E em termos de pessoal?
A questão dos recursos humanos é outro problema, esse transversal ao litoral e ao interior do país. É um problema grave porque temos muita volatilidade, muita mudança. Se os problemas no litoral são graves, e eles têm mais hipóteses do que nós, como há pouco referi, imagine no caso do interior.
Quantos funcionários tra- balham na Misericórdia de Borba?
É sempre o número que varia um pouco, mas temos na ordem dos 174 funcionários, nas diversas valências.
A comparticipação do Estado às Misericórdias é suficiente?

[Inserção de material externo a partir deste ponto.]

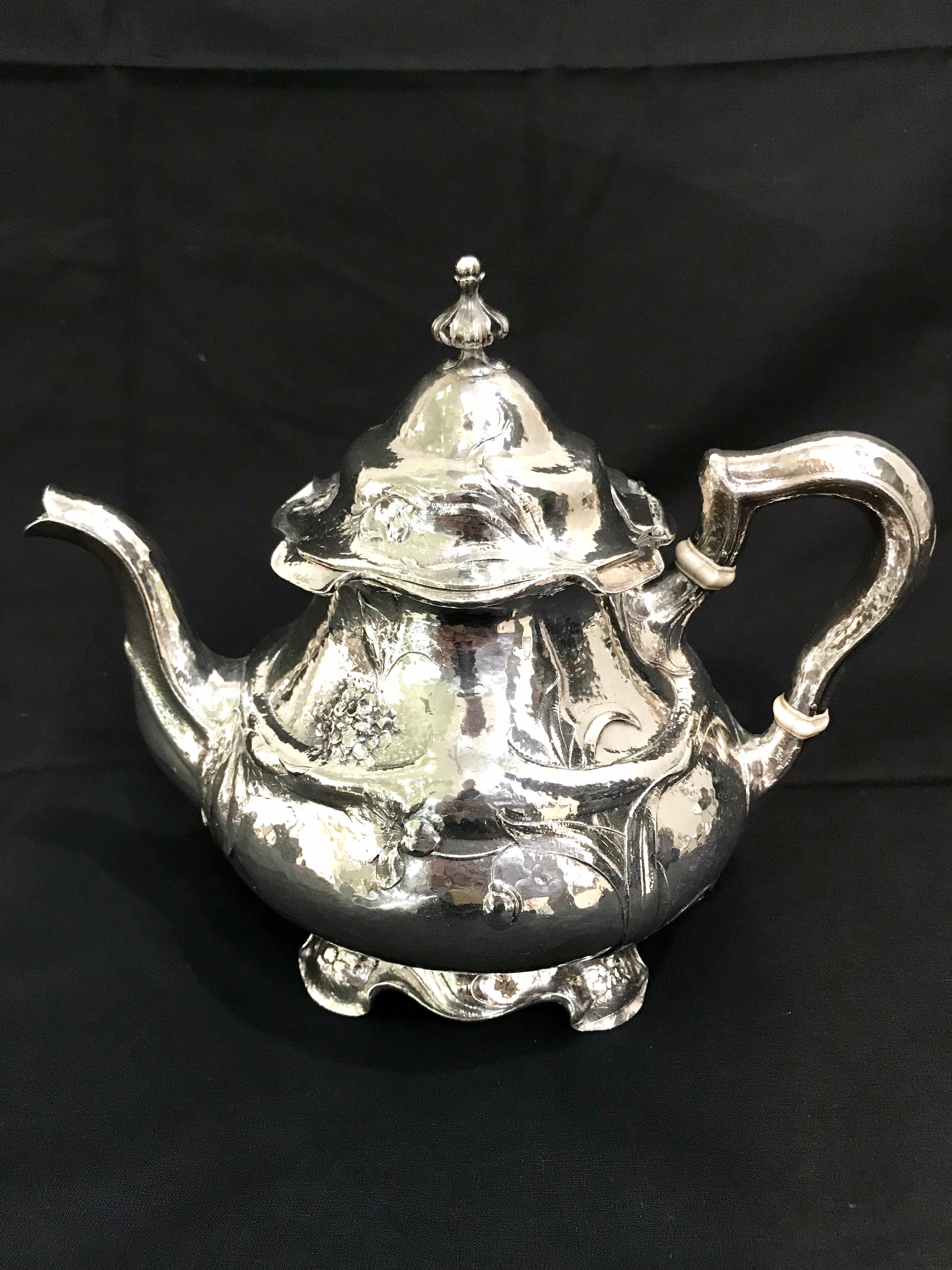 Martele by Gorham Silver Six Piece Coffee and Tea Service with Tray 1905-1907 In Excellent Condition For Sale In Chevy Chase, MD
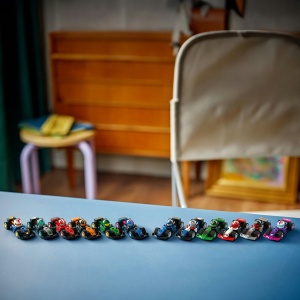 Set LEGO Minifigurine - Masini de curse F1 de colectie (71049) - Img 3
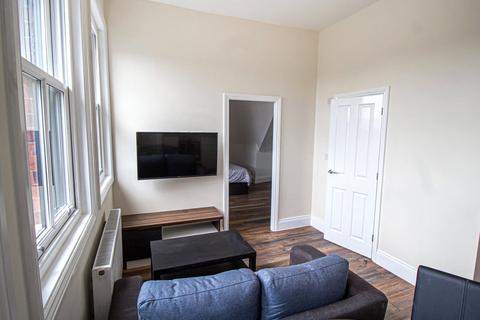 1 bedroom apartment to rent, Fairbairn Residence #406110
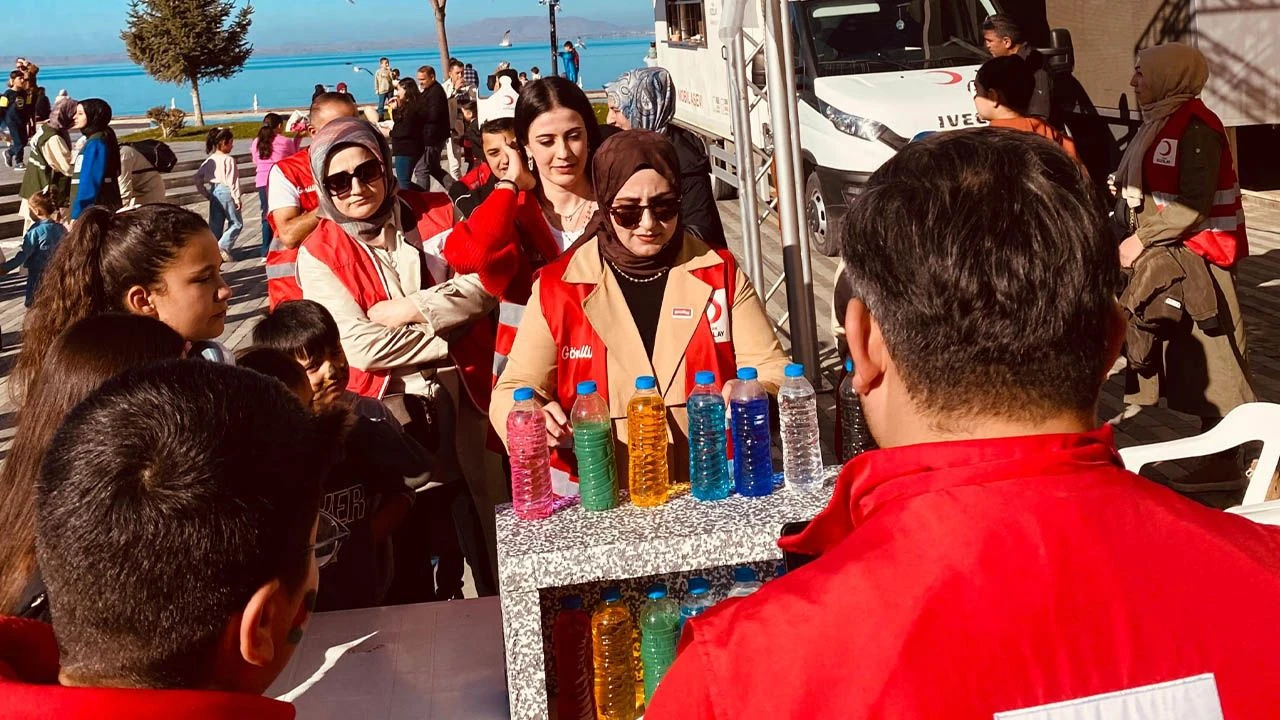 Van’da Kızılay Haftası kutlandı!
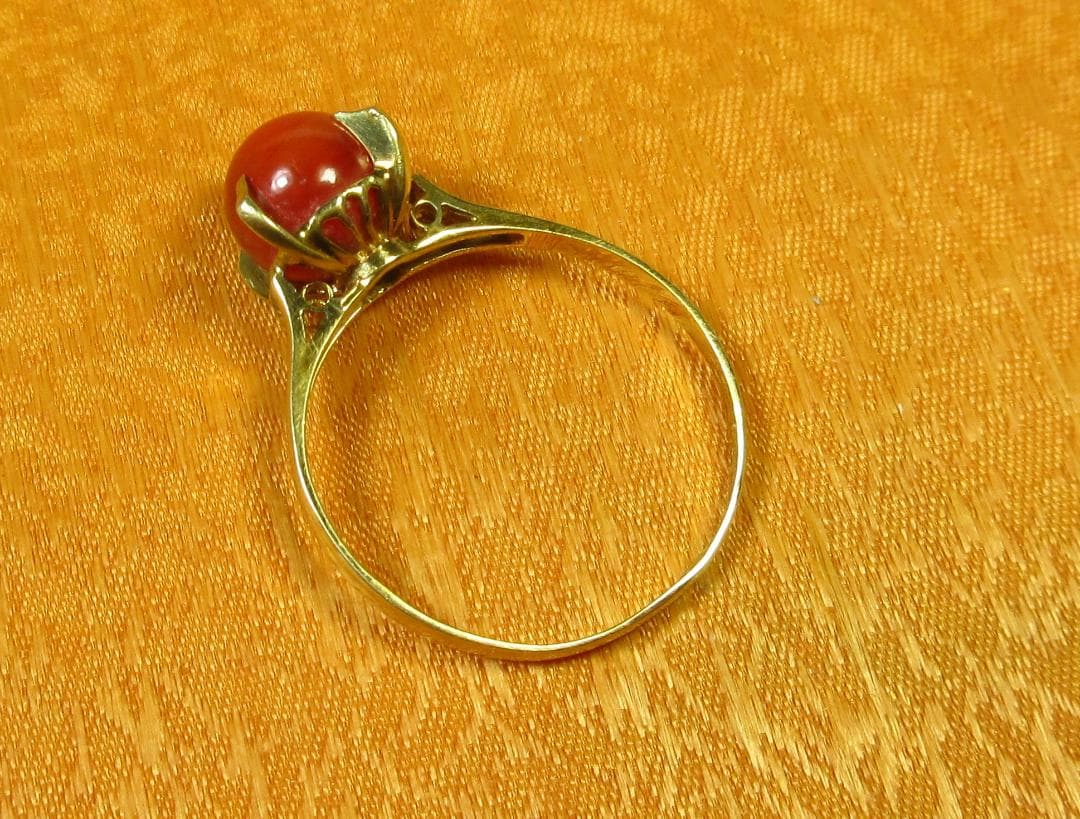 １８金指輪・赤珊瑚　「赤サンゴ」　リング・１２号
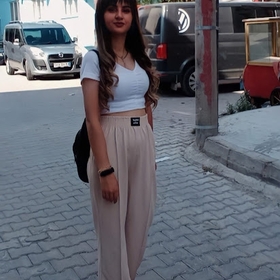 hlyaaunzii
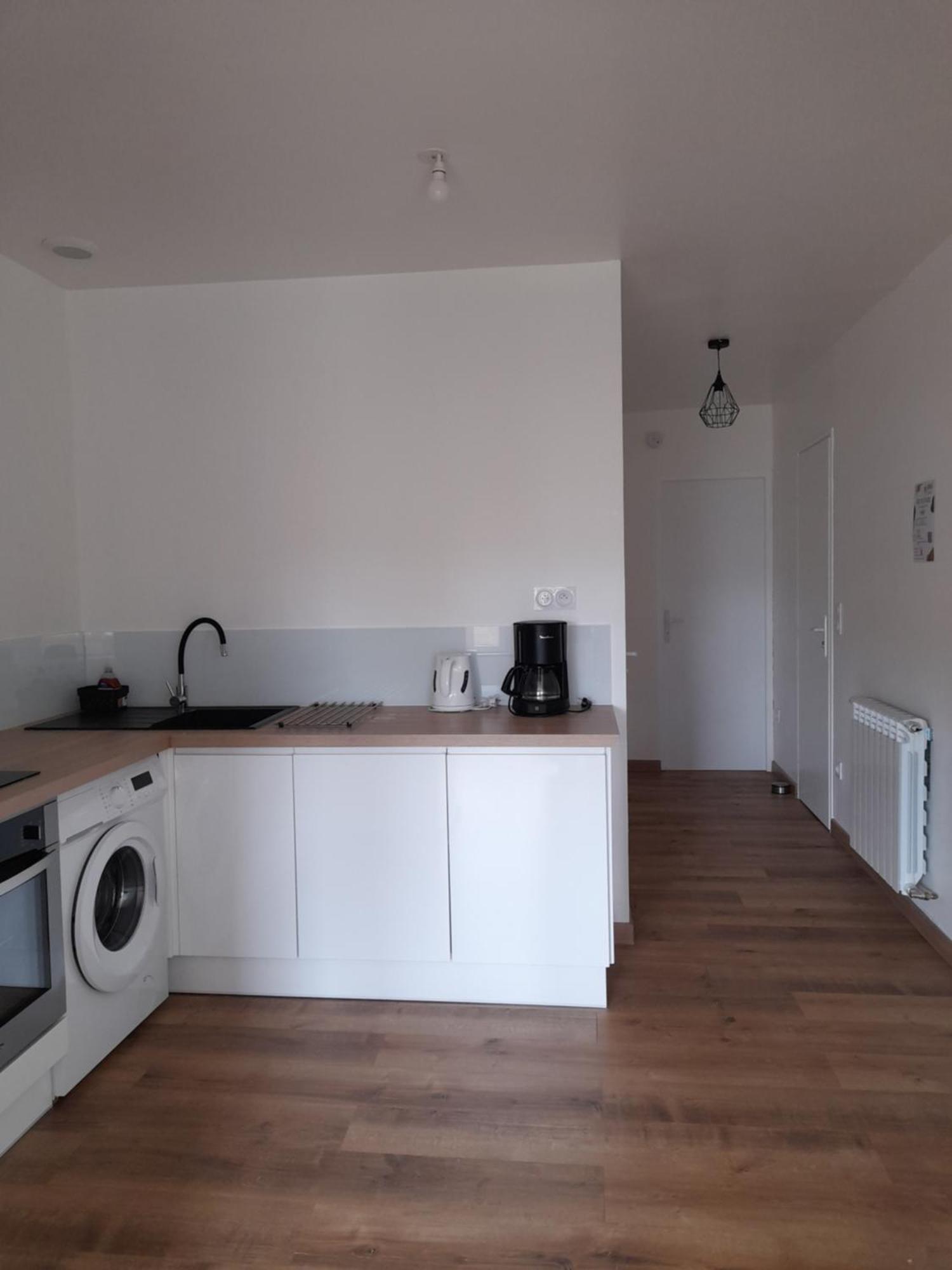 Logement Lumineux Avec Terrasse La Roche-sur-Yon Εξωτερικό φωτογραφία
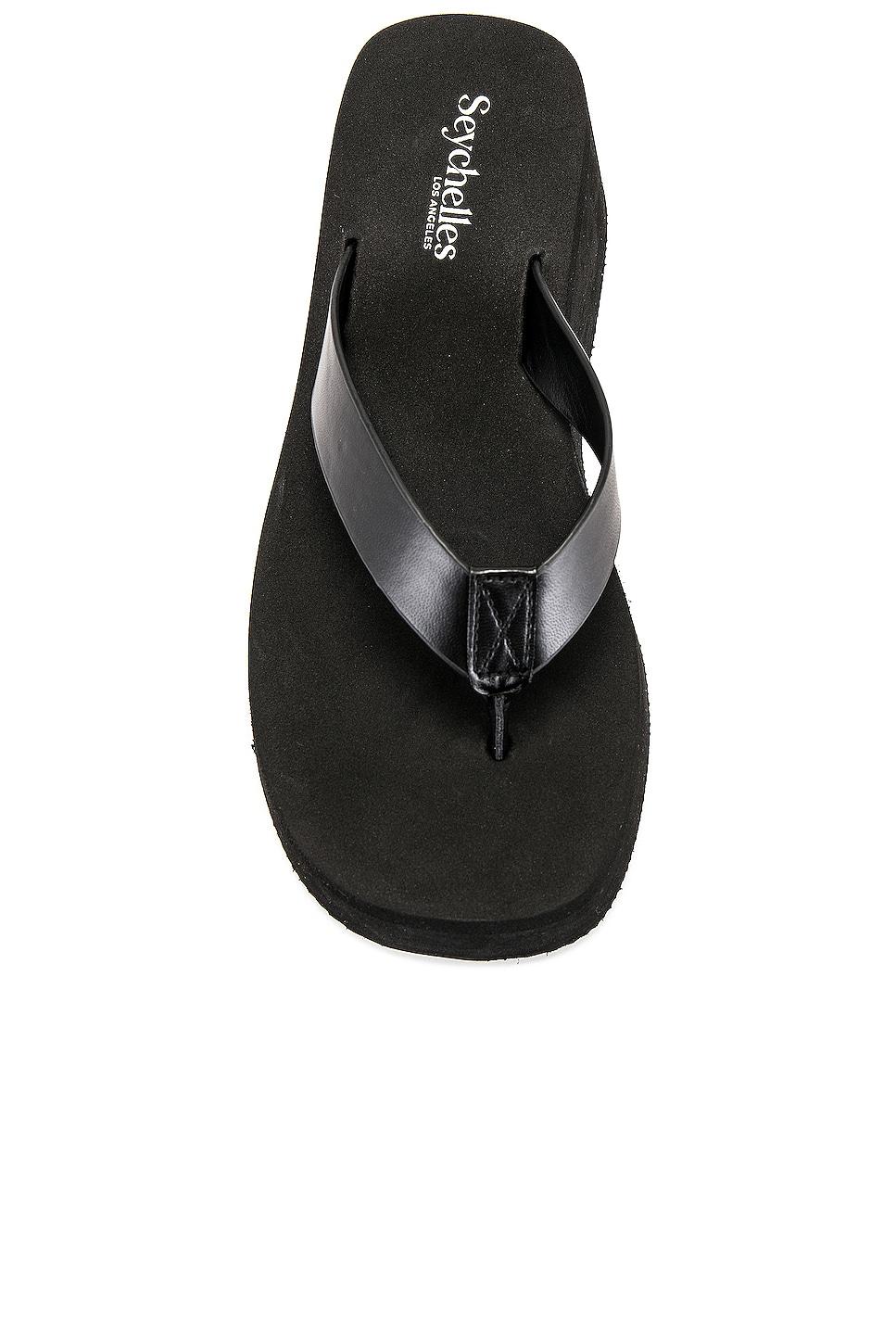 Skyscraper Sandal Seychelles Product Image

Vamos lá ver… hoje em dia há aí uma grande guerra… tudo a pedir mais, tudo. Obviamente que nós nunca estamos satisfeitos, queríamos sempre mais, naturalmente que a comparticipação do Estado poderia ser maior, como é óbvio, até porque o acordo de comparticipação data de 1996, tendo sido revisto uma ou duas vezes. Foi assinado pelo engenheiro António Guterres como primeiro-ministro e pelo padre Vítor Melícias [à época presidente da União das Misericórdias Portuguesas], depois houve uma ou duas revisões em que o Estado comprometia-se a pagar 50% dos custos que as instituições sociais tivessem. Isto não está a ser efetivamente cumprido, o Estado está a pagar muito menos. Logo,ao não cumprir esse acordo, pode-se logo dizer que a comparticipação do Estado pode ser aumentada porque não chega aos 50%. Agora, eu entendo que o principal problema é não existir a tal diferenciação, positiva ou negativa, como lhe quisermos chamar, entre as instituições de territórios de alta densidade e de baixa densidade.
Em benefício do interior, claro.
Por exemplo, poderiam existir benefícios em termos de IVA na eletricidade e outros apoios do género direcionados especificamente para as instituições que estão no interior do país. Nós tentamos zelar pela qualidade, pela boa prestação de serviços, que é um dos princípios que nos regem, além de todas aquelas expressões afetivas, da proximidade, de amor ao próximo. Somos muito exigentes com a qualidade na prestação do serviço, mas os nossos colaboradores ganham pouco mais que o salário mínimo, quando encontram outra alternativa vão-se embora e essa rotatividade não é boa para a qualidade do serviço.
Qual é a importância da Misericórdia na comunidade de Borba?
Sou suspeito para responder, ficar-me-ia mal dizer que é altíssima…. Bom, a Misericórdia de Borba responde [às necessidades da comunidade] com a creche, tem um jardim de infância, embora também já exista esta resposta no público, a Misericórdia de Borba tem o apoio domiciliário, tem os lares… sou de facto suspeito para responder, mas a importância da Misericórdia para a população de Borba é, de facto, altíssima.
Quais os projetos a curto prazo?
Além das comemorações dos 500 anos, a que estamos a dar grande ênfase e grande importância, estamos a finalizar o alargamento da nossa creche, com o programa Creche Feliz. Sentimos que havia necessidade de alargar o número de respostas. E, obviamente, estamos a pensar em várias intervenções, mas também poderemos fazer habitações colaborativas, poderemos fazer outro tipo de investimentos sempre que sejam necessários para aumentar a qualidade do nosso serviço, e assim continuar a dar resposta à população.